■ **ASSIGNED TASK**
For the entries below, repeat exactly each line starting with the one that contains "Sealey AW16x235 Auger" and going on through the one that contains "Kleine Miss Onederful", and no others.

■ **RECORDS FOR PROCESSING**
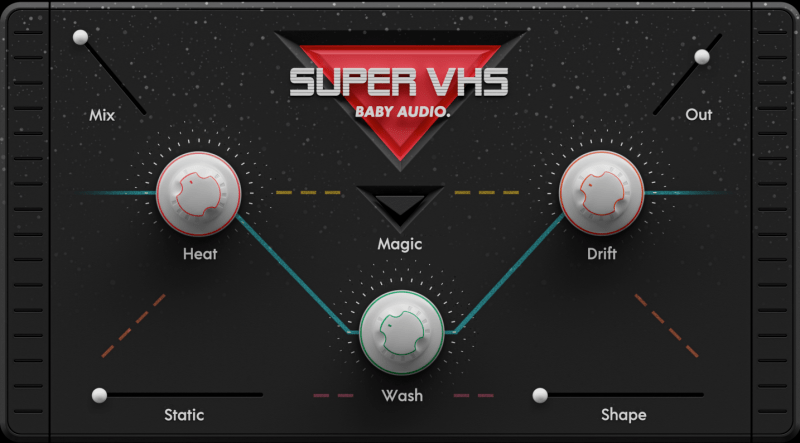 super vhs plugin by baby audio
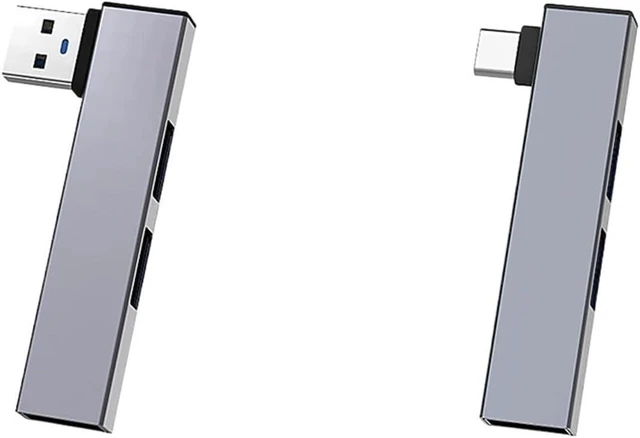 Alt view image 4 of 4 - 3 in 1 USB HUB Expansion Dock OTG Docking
--
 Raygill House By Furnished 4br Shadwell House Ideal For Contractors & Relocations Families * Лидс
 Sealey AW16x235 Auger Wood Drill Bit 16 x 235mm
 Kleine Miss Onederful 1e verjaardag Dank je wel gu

■ **ANSWER TO THE EXERCISE**
 Sealey AW16x235 Auger Wood Drill Bit 16 x 235mm
 Kleine Miss Onederful 1e verjaardag Dank je wel gu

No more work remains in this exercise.